### PROBLEM STATEMENT
From the records below, return every line containing the word "fashion".

### Dataset items
::::

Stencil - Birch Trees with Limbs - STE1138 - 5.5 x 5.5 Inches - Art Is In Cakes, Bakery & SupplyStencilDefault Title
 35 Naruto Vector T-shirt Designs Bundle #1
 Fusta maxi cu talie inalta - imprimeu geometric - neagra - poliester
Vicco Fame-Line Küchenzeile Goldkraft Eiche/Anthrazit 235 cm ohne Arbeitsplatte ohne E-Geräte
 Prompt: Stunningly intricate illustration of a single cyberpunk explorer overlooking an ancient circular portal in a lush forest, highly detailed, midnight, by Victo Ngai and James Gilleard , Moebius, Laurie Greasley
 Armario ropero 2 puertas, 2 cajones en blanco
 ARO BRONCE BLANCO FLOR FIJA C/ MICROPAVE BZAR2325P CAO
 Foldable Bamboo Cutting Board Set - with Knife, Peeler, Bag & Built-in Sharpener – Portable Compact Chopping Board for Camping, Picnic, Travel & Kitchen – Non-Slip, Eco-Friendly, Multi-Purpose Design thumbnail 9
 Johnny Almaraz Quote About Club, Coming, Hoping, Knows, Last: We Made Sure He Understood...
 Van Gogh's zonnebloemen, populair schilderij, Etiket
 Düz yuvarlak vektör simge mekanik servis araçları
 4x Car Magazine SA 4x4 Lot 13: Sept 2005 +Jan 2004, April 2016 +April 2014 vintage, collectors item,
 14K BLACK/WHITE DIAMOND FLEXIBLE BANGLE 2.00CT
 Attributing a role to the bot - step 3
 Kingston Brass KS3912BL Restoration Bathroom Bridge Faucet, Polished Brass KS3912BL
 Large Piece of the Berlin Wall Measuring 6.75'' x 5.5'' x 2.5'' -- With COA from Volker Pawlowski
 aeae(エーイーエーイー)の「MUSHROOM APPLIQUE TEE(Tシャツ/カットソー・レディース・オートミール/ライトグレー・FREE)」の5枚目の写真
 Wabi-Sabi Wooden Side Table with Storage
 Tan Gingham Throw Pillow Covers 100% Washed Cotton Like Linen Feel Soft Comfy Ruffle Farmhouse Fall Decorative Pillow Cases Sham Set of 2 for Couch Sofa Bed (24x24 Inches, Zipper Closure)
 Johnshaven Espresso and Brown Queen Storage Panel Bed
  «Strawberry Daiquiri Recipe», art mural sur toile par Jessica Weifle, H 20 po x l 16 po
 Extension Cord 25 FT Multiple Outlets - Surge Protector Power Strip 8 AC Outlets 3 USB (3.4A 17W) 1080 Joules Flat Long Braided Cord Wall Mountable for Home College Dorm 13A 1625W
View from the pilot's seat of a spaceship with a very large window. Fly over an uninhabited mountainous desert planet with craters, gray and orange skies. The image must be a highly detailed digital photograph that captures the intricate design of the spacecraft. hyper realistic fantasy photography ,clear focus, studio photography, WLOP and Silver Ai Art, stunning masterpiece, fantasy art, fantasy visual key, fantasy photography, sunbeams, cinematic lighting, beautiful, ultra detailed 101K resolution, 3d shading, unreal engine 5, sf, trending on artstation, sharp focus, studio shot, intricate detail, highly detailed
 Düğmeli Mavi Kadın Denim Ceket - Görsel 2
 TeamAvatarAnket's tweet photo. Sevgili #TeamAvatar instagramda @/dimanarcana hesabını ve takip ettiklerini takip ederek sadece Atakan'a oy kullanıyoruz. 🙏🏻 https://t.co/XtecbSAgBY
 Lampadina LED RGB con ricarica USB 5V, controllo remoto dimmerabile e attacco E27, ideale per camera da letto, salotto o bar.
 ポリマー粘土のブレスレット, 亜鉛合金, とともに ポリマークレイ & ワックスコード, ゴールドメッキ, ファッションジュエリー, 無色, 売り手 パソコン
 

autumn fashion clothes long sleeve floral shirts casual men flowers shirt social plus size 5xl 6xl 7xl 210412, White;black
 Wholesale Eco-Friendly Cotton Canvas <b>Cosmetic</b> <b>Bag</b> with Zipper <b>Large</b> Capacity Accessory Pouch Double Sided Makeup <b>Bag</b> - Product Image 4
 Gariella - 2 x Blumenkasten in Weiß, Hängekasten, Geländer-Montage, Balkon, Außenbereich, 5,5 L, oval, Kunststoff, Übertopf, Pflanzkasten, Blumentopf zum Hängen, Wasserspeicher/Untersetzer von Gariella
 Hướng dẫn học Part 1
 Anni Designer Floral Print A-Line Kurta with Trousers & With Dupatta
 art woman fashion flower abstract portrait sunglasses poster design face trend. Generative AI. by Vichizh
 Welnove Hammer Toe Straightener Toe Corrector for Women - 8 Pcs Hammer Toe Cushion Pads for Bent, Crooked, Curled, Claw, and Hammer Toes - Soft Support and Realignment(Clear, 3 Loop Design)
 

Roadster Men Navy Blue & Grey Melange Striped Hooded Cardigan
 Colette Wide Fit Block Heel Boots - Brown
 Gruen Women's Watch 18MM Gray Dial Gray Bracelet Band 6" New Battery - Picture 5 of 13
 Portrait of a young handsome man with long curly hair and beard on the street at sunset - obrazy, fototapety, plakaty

::::

### RESPONSE TO THIS TASK
autumn fashion clothes long sleeve floral shirts casual men flowers shirt social plus size 5xl 6xl 7xl 210412, White;black
 art woman fashion flower abstract portrait sunglasses poster design face trend. Generative AI. by Vichizh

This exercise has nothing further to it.